Эту собачку мне подарила уборщица нашей харьковской еврейской школы, и, когда я ее, совсем еще крошкой, принес домой, мои родители протестовали: кто будет убирать после нее, кто будет ее кормить? Еле-еле, с большими трудностями, после многих обещаний, что я сам это буду все делать, собака осталась в доме, и мои родители, особенно мама, так привязались к этому созданию, прямо-таки любимчик! Разговаривали они с Лизкой – так мы назвали собаку – только на идиш. Таким образом, собака понимала аж два языка.
Я помню, как однажды, в начале 30-х годов, придя домой после работы на фабрике, мать узнала, что Лизку поймал гицл[18]
. Моя мама была вне себя. Усталая после тяжелого рабочего дня, она все бросила и отправилась на поиски фермы, куда гицели отвозили собак. Возвратилась она в полночь, едва держась на ногах. С большими трудностями она добралась тогда до фермы далеко за городом, и, когда она туда добралась, кроме сторожа, там уже никого не было. Ключи от клетки, в которой была заперта наша Лизка, были у заведующего хозяйством. Моя мать слезно просила у сторожа и заплатила ему, чтобы он спас собаку. Тот твердо обещал. Мы все в доме провели бессонную ночь, и можете себе представить нашу радость, когда рано утром поскреблась в двери наша Лизка.В злополучном 1937 году мама была вынуждена расстаться с Лизкой. После того, как отца забрали из дому, собака несколько дней ходила с опущенной головой и потухшими глазами, мало ела, как будто она понимала трагизм происшедшего. Нас с братом тогда не было в Харькове, а маму переселили в малюсенькую комнатку в густонаселенной коммунальной квартире, где соседи не хотели терпеть собаку. И тогда мама отдала Лизку знакомому рабочему со своей фабрики. До начала Второй мировой войны мама время от времени навещала свою собаку. Я также ходил к ней, когда мне приходилось до войны быть в Харькове. Дальнейшая судьба Лизки для нас осталась неизвестной. После возвращения из эвакуации, мы уже не застали ни дом, где находилась собака, ни хозяина, ни Лизку.

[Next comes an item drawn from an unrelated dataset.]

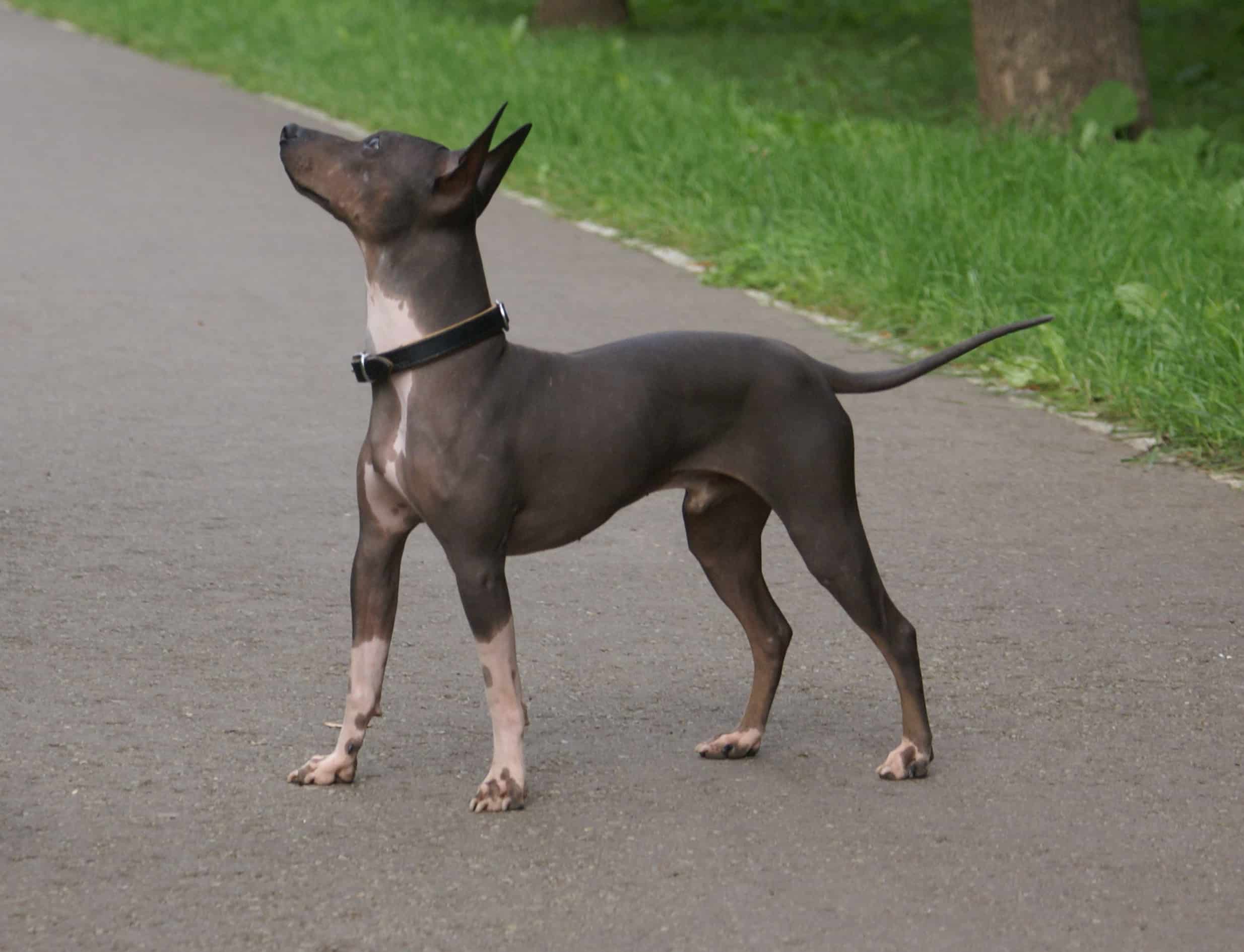 American Hairless Terrier Breed Info And Care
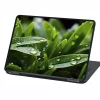 Laptop skin Sticker Grass, water droplets P558 - Graphic design. Green grass leaves with water droplets on a dark background.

Но я немножко отклонился. Еще одно удовольствие моя мама получала во время вышеупомянутого и также при последующих приездах в Камышин, когда беседовала со мной о политике. Она не была сведуща в проблемах международной политики и я немножко подтрунивал над ней, уверяя ее, что в ней сидит дипломат. Мы оба смеялись, но, по правде говоря, мне не раз приходила в голову мысль, что моя мать при соответствующем образовании, воспитании и условиях могла бы действительно занять место в обществе. Я сожалею до сих пор, что мне не удалось заснять мать в тот миг, когда она слушала радиопередачу у «ящика»– так она называла радио. Она всем своим естеством как бы растворялась в «ящике», забыв обо всем вокруг.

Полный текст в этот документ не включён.